» **YOUR GOAL**:
Output exactly, and only, the stretch of lines beginning at the line with "TÌM NHÂN VIÊN" and ending at the last line of the listing below. Drop the pictures.

» **SOURCE MATERIAL**:
------------------------------

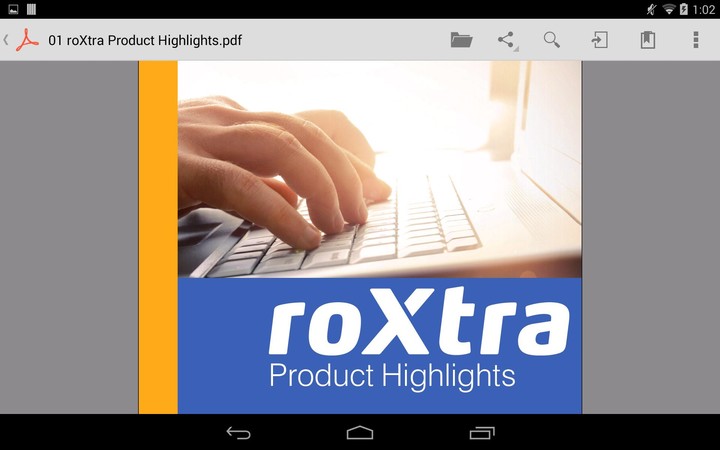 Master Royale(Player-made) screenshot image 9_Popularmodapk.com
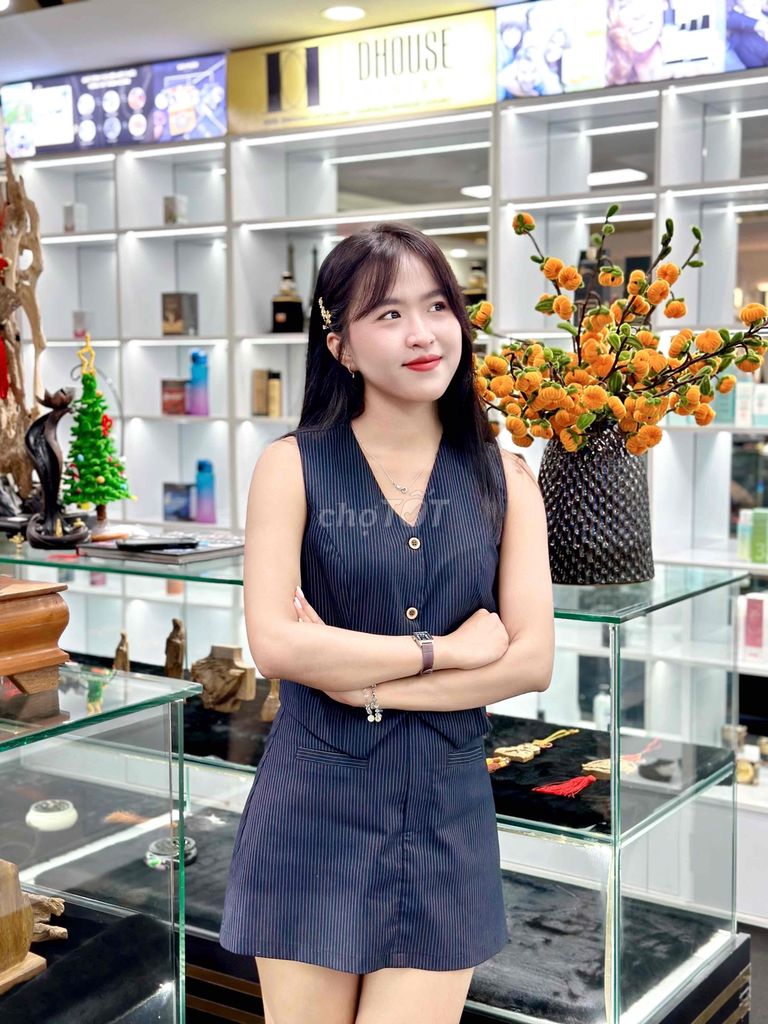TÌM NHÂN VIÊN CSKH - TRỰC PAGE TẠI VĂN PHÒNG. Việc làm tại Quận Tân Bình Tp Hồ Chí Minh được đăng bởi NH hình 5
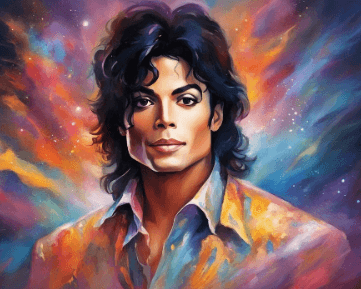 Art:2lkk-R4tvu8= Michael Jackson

------------------------------

» **WRITTEN SOLUTION**:
TÌM NHÂN VIÊN CSKH - TRỰC PAGE TẠI VĂN PHÒNG. Việc làm tại Quận Tân Bình Tp Hồ Chí Minh được đăng bởi NH hình 5
 Art:2lkk-R4tvu8= Michael Jackson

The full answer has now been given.